The Loneliest Girl in the Universe

- Some days it’s hard to remember the exciting parts. I get stuck in the memories. It’s hard to focus on the future when the past is so distracting.
- My life is a gambling chip thrown carelessly across the universe in the hope it’ll land somewhere my descendants can survive.
- Love takes so much energy, and it just leads to pain. I think it’s probably best for people to be self sufficient. If I was strong enough to be independent, then I wouldn’t be so desperately lonely, I’m sure of it. I just want someone who holds on. Someone who won’t ever let me go, whatever tries to tear us apart. Is that too much to ask?
- It’s like I’m understanding everything differently now because I’m looking at it from your perspective. I want to see your reaction to everything, from the rare to the commonplace.
- Things on Earth I want to experience most: Quicksand – how often do you usually get stuck in this stuff? A few times a month? It seems to happen all the time in films!
- Just remember, J, you’re coping with everything the best way you can, and that’s all that matters. Don’t ever think you aren’t strong.
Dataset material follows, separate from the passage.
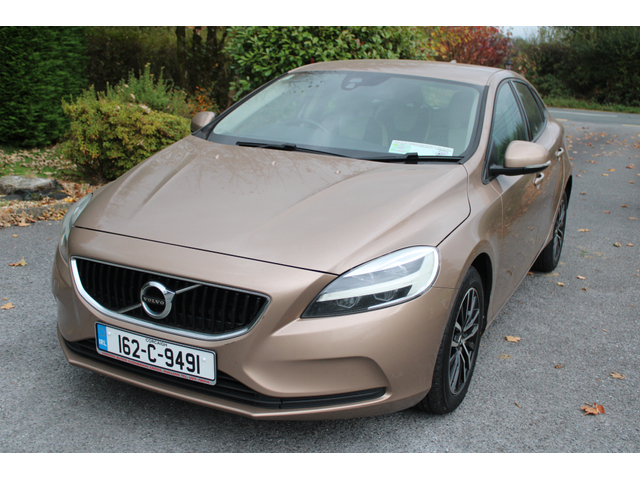 2016 VOLVO V40 2.0 D2 MOMENTUM 120BHP 5DR 40 SERIES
- There are so many places on the ship that I avoid because I’m afraid of facing the past. But the past is much less scary than the future. I know what’s already happened; I know how bad it was. I don’t know what’s coming, though.
- Is no life at all better than the constant fear and fight for survival I face every day?
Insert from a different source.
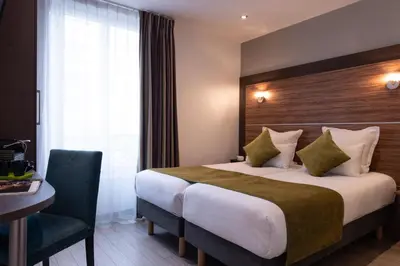 Un ou plusieurs lits dans un hébergement de l'établissement Hotel Apolonia Paris Montmartre; Sure Hotel Collection by Best Western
- Whatever happens, I can’t see a point in time when I will ever be happy. For the rest of my life, I’ll be struggling. I’m always going to be moments away from sinking completely. So why should I live at all? It would be so easy to stop. But it would be so pointless. Every year I’ve fought to survive would be wasted.
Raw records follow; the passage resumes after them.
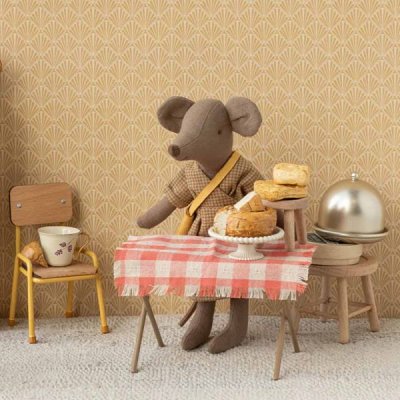 Maileg mouse mother and cheese bag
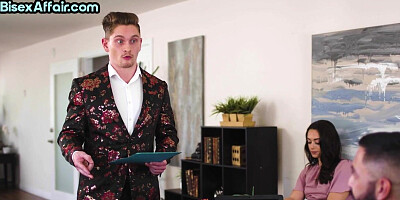 Dirty bisexuals fuck petite nympho lady in threesome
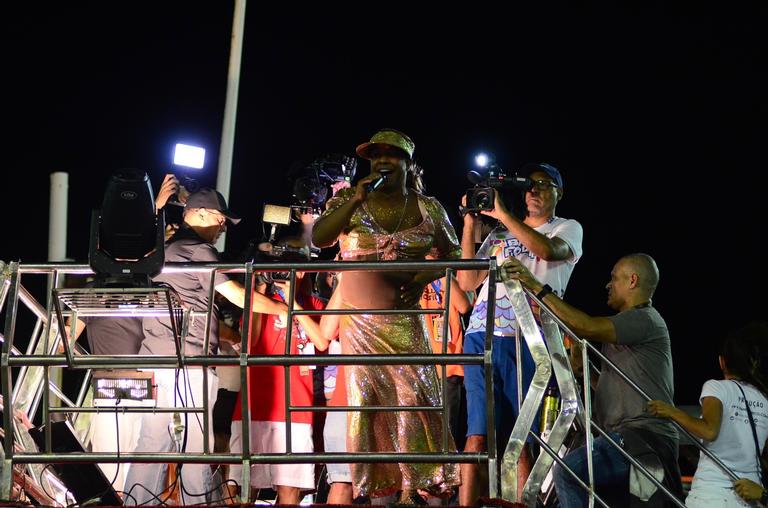 Márcio Victor, do Psirico, se veste de Ivete Sangalo no carnaval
The Quiet at the End of the World

- When you know that there’s no future, the only thing that’s interesting anymore is the past.
- People may die and civilisations may fall, but little pieces of the past linger.
- We live in the quiet at the end of the world. The slow winding-down clockwork motions before life stops completely. Time is slipping through our fingers.
- Our lives are particles on a riverbed being lost by the waters of time. Here and then gone in a moment. Nothing, in the grand scheme of things.
- There’s no finish line you need to cross to have lived a worthy life, Lowrie. You don’t need to achieve anything, if you don’t want to.
- Life is whatever you want it to be. With whoever you want to be with. Life is the people around you, the ones you love. You just need to be happy. That’s all that matters.
- You don’t remember the perfect things when you think about the people you love. You think of the them things. The little habits or guilty pleasures or secret flaws that only they have. Those are the things that make them unique. Those are the things that make us all human.
- Maybe that’s what matters. Maybe that’s what being “alive” is. It’s not some trick. There’s no magic chemical that gives something a soul. It’s about being loved and loving in return.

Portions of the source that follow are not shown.